The Pagans began with 13 members in Prince George’s County, MD in 1959 and began spreading to neighboring states through the Sixties.

Richter was sent to prison in 1988 for racketeering-related murder conspiracy, among other convictions. He was released in 2012 and took control of the Pagans six years later.

What Richter has dubbed “The Blue Wave” has made its way in recent years into what primarily had been Hells Angels and Outlaws turf in North Jersey, Pennsylvania, Connecticut and Rhode Island.

More than a fifth of an estimated 900 Pagans across 12 states and Puerto Rico are in the Garden State alone, federal authorities said.

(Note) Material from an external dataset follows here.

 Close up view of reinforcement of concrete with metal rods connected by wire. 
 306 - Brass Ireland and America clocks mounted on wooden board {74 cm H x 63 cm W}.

At last count, the Pagans had 17 chapters across New Jersey, up from 10 just five years ago, according to the SCI report.

They’ve also reportedly expanded into northeastern Pennsylvania, with new chapters in the Scranton/Wilkes-Barre area.

Authorities say Richter has boosted membership by absorbing smaller, local gangs into the Pagans. He’s also recruited Latin Kings, although he still bans Blacks from joining.

Honig credited special agents of the Bureau of Alcohol, Tobacco, Firearms, and Explosives’ Newark Division, special agents of the Drug Enforcement Administration’s Newark Division, the Suffolk County District Attorney’s Office, the Union County Prosecutor’s Office and New Jersey State Police with the investigation, arrest and plea.

Handling the case for the government are Assistant U.S. Attorneys Robert Frazer, R. Joseph Gribko and Samantha C. Fasanello of Honig’s Newark office.